§ **DATA FOR THE TASK**
==================================================

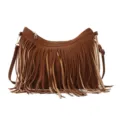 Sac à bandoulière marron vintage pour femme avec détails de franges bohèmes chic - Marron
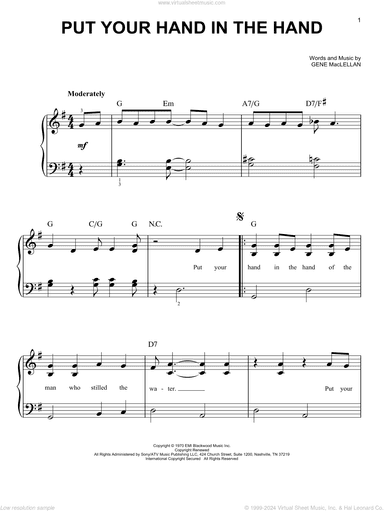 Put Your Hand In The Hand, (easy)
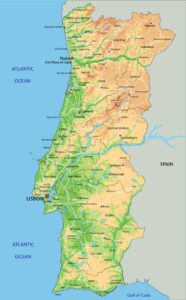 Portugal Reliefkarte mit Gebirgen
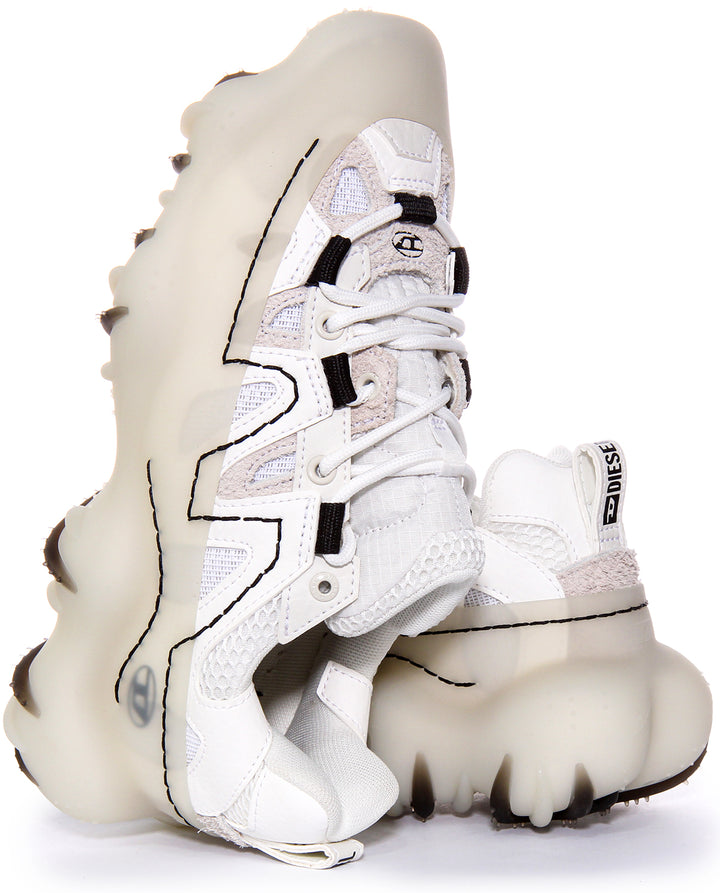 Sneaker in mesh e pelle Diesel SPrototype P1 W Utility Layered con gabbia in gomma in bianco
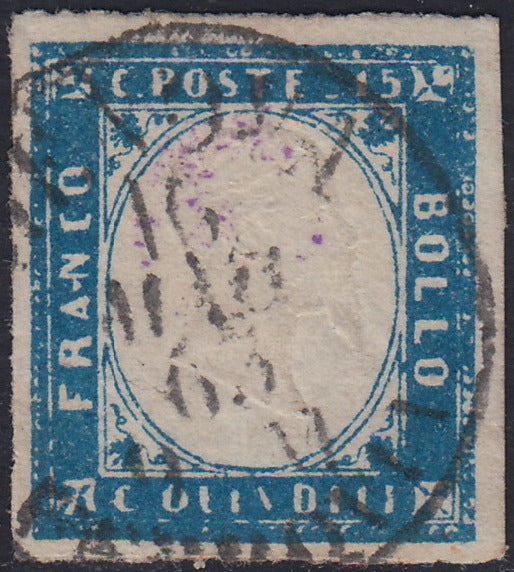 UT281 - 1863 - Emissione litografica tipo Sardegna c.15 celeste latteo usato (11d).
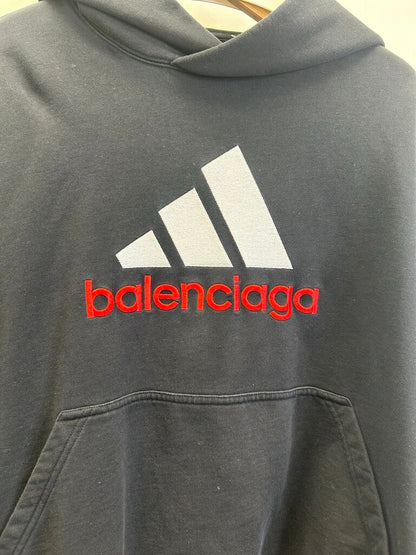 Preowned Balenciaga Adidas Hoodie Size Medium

==================================================

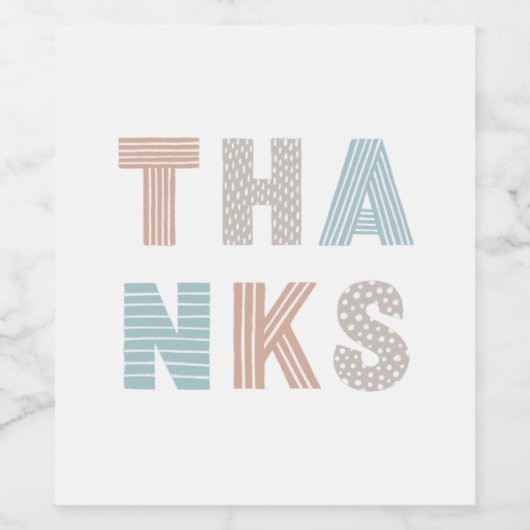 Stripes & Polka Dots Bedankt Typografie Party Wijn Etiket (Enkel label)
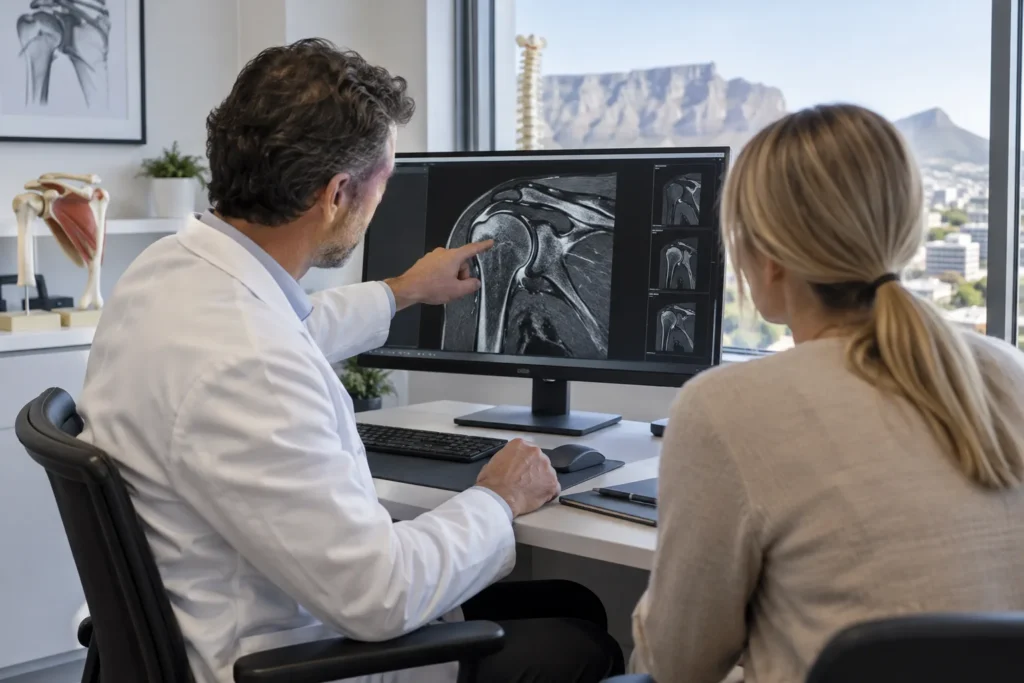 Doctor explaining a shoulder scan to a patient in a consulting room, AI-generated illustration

==================================================

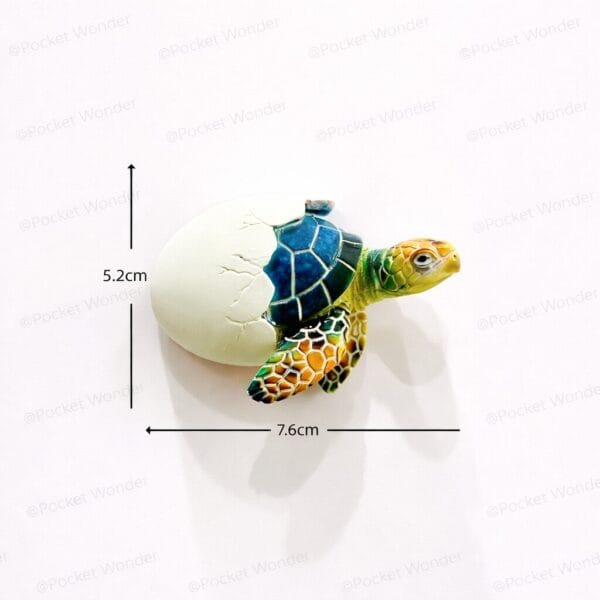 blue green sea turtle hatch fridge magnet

==================================================

§ **WORK REQUIRED**
In the listing above, find the line containing "Portugal Reliefkarte mit Gebirgen" and the line containing "Preowned Balenciaga Adidas". Print those two lines and every line between them exactly, with no pictures.

§ **RESPONSE AREA**
 Portugal Reliefkarte mit Gebirgen
 Sneaker in mesh e pelle Diesel SPrototype P1 W Utility Layered con gabbia in gomma in bianco
 UT281 - 1863 - Emissione litografica tipo Sardegna c.15 celeste latteo usato (11d).
 Preowned Balenciaga Adidas Hoodie Size Medium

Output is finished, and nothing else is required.